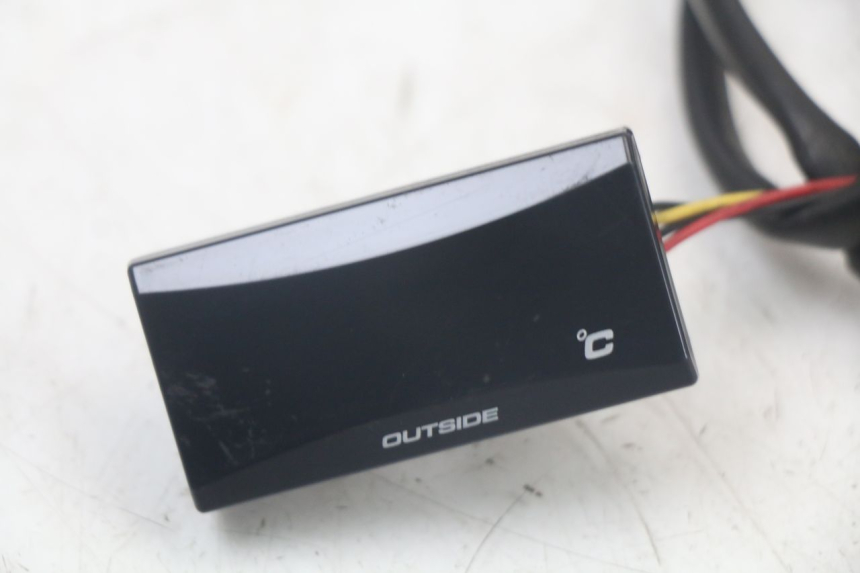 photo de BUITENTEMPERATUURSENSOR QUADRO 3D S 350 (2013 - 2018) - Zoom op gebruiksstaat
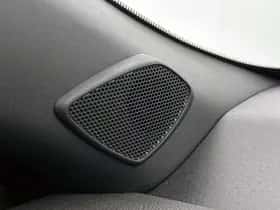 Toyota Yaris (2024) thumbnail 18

==

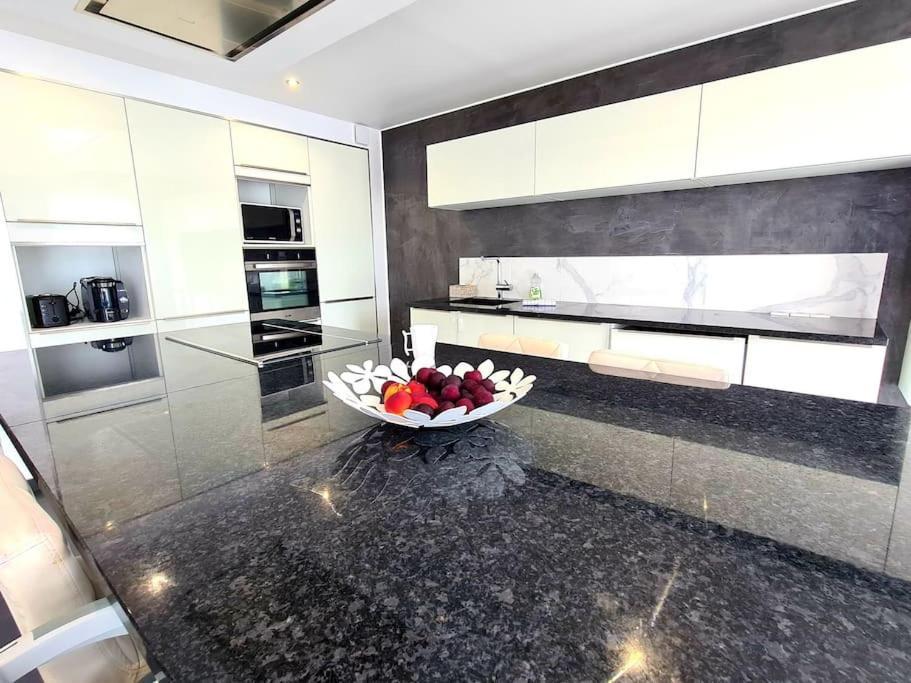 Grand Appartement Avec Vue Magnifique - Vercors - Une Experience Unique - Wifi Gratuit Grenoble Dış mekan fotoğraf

» WHAT THIS TASK INVOLVES
Repeat the lines above exactly, beginning with the one containing "photo de BUITENTEMPERATUURSENSOR" and finishing with the one containing "Toyota Yaris (2024) thumbnail 18". No pictures belong in the copy.

» ANSWER
 photo de BUITENTEMPERATUURSENSOR QUADRO 3D S 350 (2013 - 2018) - Zoom op gebruiksstaat
 Toyota Yaris (2024) thumbnail 18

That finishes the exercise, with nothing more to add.